# WHAT NEEDS TO BE DONE
A verbatim copy of the line containing "Thick Bushcraft Fire" and all lines after it, up to and including the final line of the records, is the only acceptable output.

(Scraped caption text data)
◇ ◇ ◇

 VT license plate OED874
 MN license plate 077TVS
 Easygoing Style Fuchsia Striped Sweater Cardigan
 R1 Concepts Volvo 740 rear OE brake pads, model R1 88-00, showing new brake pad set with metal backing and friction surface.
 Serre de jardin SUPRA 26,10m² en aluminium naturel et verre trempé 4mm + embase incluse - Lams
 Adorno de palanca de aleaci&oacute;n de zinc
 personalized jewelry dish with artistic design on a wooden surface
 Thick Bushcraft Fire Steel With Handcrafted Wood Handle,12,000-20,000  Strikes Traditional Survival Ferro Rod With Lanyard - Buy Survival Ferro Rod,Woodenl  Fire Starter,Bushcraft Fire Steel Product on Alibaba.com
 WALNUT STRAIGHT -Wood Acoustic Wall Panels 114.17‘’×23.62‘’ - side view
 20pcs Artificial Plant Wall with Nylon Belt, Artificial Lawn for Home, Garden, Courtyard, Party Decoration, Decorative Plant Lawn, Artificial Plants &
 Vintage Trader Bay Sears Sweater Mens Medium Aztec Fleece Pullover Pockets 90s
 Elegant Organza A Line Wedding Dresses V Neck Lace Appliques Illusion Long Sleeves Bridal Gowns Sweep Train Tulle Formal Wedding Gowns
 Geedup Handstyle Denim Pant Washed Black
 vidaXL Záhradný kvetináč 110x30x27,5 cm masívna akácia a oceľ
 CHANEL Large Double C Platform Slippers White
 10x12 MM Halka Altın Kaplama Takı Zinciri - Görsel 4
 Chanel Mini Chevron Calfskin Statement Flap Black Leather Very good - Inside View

◇ ◇ ◇

# OUTPUT FOR THIS EXERCISE
 Thick Bushcraft Fire Steel With Handcrafted Wood Handle,12,000-20,000  Strikes Traditional Survival Ferro Rod With Lanyard - Buy Survival Ferro Rod,Woodenl  Fire Starter,Bushcraft Fire Steel Product on Alibaba.com
 WALNUT STRAIGHT -Wood Acoustic Wall Panels 114.17‘’×23.62‘’ - side view
 20pcs Artificial Plant Wall with Nylon Belt, Artificial Lawn for Home, Garden, Courtyard, Party Decoration, Decorative Plant Lawn, Artificial Plants &
 Vintage Trader Bay Sears Sweater Mens Medium Aztec Fleece Pullover Pockets 90s
 Elegant Organza A Line Wedding Dresses V Neck Lace Appliques Illusion Long Sleeves Bridal Gowns Sweep Train Tulle Formal Wedding Gowns
 Geedup Handstyle Denim Pant Washed Black
 vidaXL Záhradný kvetináč 110x30x27,5 cm masívna akácia a oceľ
 CHANEL Large Double C Platform Slippers White
 10x12 MM Halka Altın Kaplama Takı Zinciri - Görsel 4
 Chanel Mini Chevron Calfskin Statement Flap Black Leather Very good - Inside View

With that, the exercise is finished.